3 Things To Consider When We Talk About ‘End-of-Life Care’
Even when you are prepared and ready for any eventuality in the care of a family member, it is extremely difficult and emotional when you get the news that one of your loved ones will not get better. There are a hundred conflicting emotions and realities and ethics that factor into the decision making around end-of-life care. You may want more time with your loved one, and want to keep them comfortable. You may be hoping against hope that there will be some last-minute miracle cure, while also knowing that isn’t likely. Finding the moment when curative care transforms into palliative care is the acceptance of a sad reality.
Through all this, the decisions you and your family may have to make some strong decisions. These kinds of decisions have deep ethical ramifications—whether it’s deciding whether or not to continue life support, or planning a reunion between your father and his estranged brother. These situations involve much deeper ethical considerations than the ones we usually confront. This is why they often feel overwhelming in the moment. While no article can successfully create an ethics guide that encompasses your family’s values, this guide has some ideas to consider –
1) Respect Your Loved One’s Wishes
The most important thing to center when you’re making decisions for a loved one’s care is their own wishes. Medical autonomy (the right to have control over your own medical care) is a valuable right. When a family member gives you power of attorney over their medical care, they are entrusting you with a huge part of their medical care. With that trust comes the responsibility to understand your loved one’s wishes for quality of life. A good way to start with this is a conversation.
Understanding the baseline quality of life your loved one hopes to maintain is a good place to start. Would your father be happy sitting on the couch watching football, or would he be miserable with limited mobility? Does your mother want to live long enough to attend your wedding, or is she more concerned with managing her pain?
Understanding the answers to these questions is a good guide to making decisions.
2) Have Those Difficult Conversations
It is worthwhile to continue having difficult conversations with your loved one throughout their treatment. Check in regularly, and be sure to listen to what they’re saying. It can be difficult to hear that a loved one is ready to stop aggressive curative care, but ensuring they have a beautiful end-of-life means the time you have left together can be meaningful.

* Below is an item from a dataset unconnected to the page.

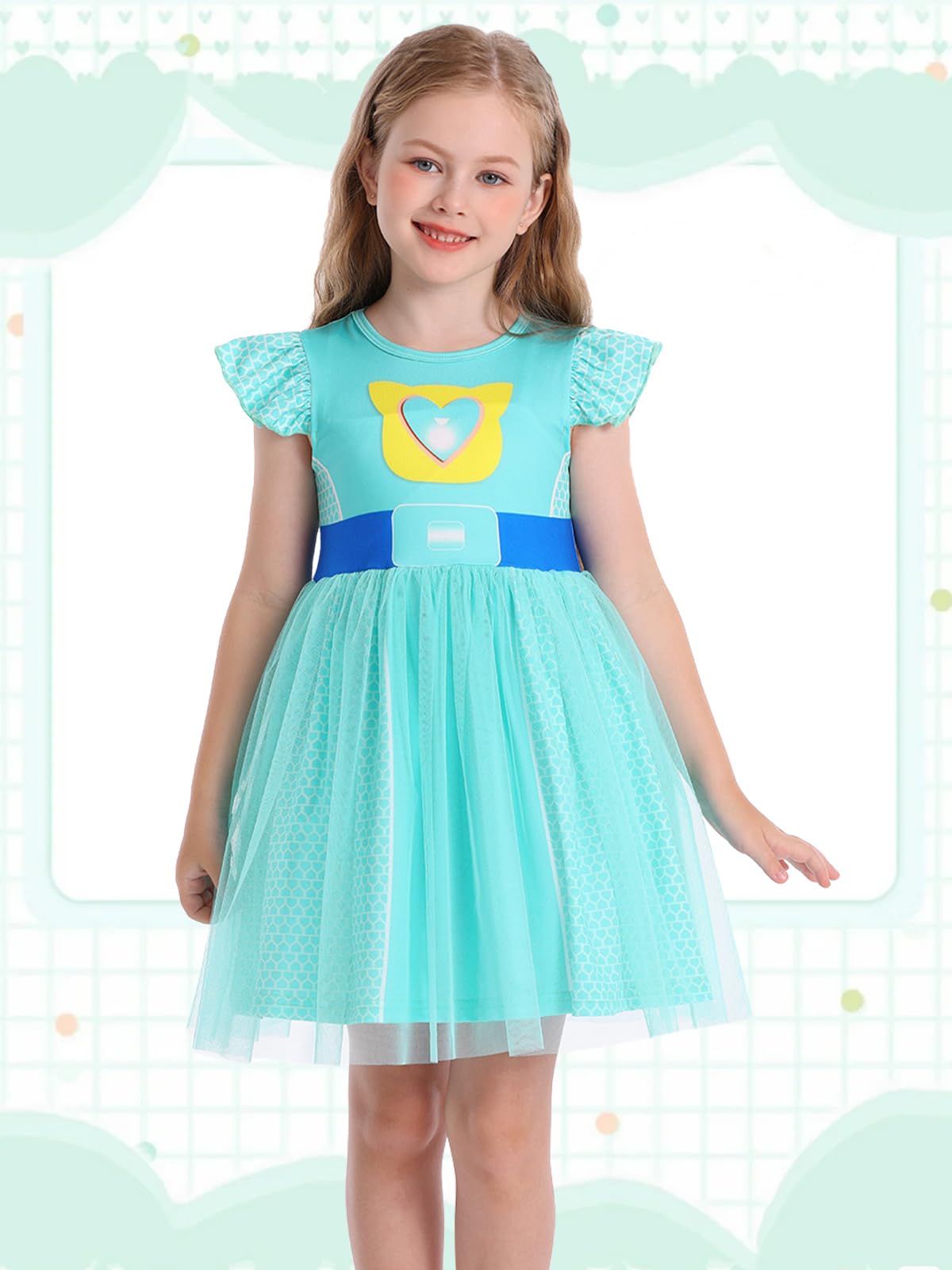 Marendyee Girls Halloween Costume Dress – Tulle Mesh Flutter Sleeve Cat Pattern, Ages 3-10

You may not be able to have these conversations in every situation, but when possible, they can give you a good roadmap to move forward.
3) Other Things to Consider
You may also want to consider things outside your loved ones care as you approach their end-of-life care. Organ donation can be a lovely way to have a sad situation to make a positive impact in someone else’s life. You can also consider environmentally friendly funerals and encouraging charity donations in your loved one’s name.
In short, having conversations about your loved ones wishes both before and during their medical care can make navigating the ethics of end-of-life care much, much easier.